Уже настало время реформ. Нация, и стар и млад, издавна возлагала на нас большие надежды. Мы выработали идею постепенного действия, считая свойственный социалистам метод разрушения неприемлемым. Но возник Милли меджлис[388] и развеял наши планы, ограничил, как и прежде Романовы, нашу силу и энергию. Испугавшись успехов шариатского учреждения, позавидовали рождению прекрасных дел по укреплению религии и реформ и совсем не захотели заниматься не согласованными ни с кем вопросами. Создали национальное управление [Милли идаре. – Р. Б.] и передали в его ведение муфтия и кадиев, и все Духовное управление. Следствием этого стало большое ослабление и оскорбление указанного управления, отцов нации, верующих, это погасило их радость, отняло духовность и инициативу в области школ и медресе, оказалось возможным вершить экономические дела при поддержке учреждения, именуемого министерством финансов. Школы и медресе, на которые управление возлагало великие надежды, оказались в плачевном положении. Это вызвало в народе враждебное отношение. Подготовили лишь путь для осуществления целей коммунистов… и сами… оказались в катастрофическом положении. Духовному управлению ничего не осталось, как работать в старом стиле, в обессиленном состоянии[389].

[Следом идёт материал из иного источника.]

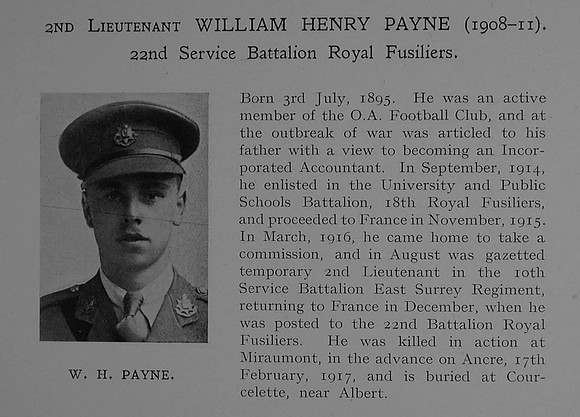 Payne W H 2nd Lt 22nd Royal Fusiliers Obit Dulwich College Roll Of Honour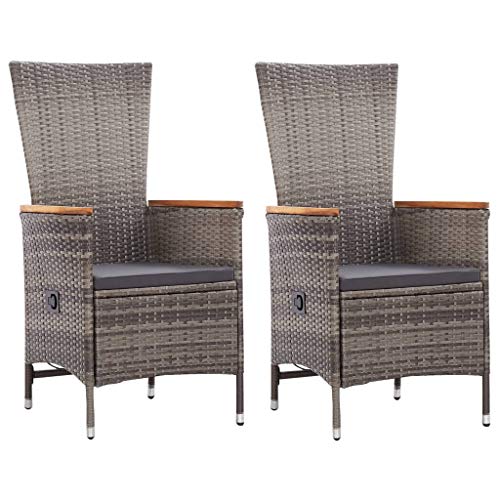 Festnight 2 pz Sedie da Esterno con Cuscini in Polyrattan Schienale Regolabile 58 x 62 x 108 cm Poltrona da Spiaggia Colore Grigio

В приведенном фрагменте обращают на себя внимание следующие положения.

1. Муфтий Баруди сравнивал политику национального правительства (Милли идаре) по отношению к муфтияту с политикой царей из династии Романовых, использовавших этот институт в своих интересах и игнорировавших духовные чаяния народа. Это проявилось, в частности, в передаче мусульманских школ (мектебов и медресе) в ведение министерства просвещения.

2. Муфтий считал не политических деятелей, заседавших в Милли идаре, а ‘улама’ подлинными «отцами нации», призванными играть ключевую роль в решении различных проблем тюрко-татар России. Из текста Баруди очевидно, что он рассматривал мусульманское духовенство и национальное правительство в качестве конкурентов, а не единомышленников[390].

3. Подчиненное положение Диния назараты по отношению к правительству не устраивало если не всех, то значительную часть ‘улама’.

4. Муфтий и его единомышленники представляли реформу ОМДС иначе, чем политические лидеры мусульман страны. Реформирование Духовного собрания должно было осуществляться постепенно и не приводить к его разрушению, как это произошло в 1917 г.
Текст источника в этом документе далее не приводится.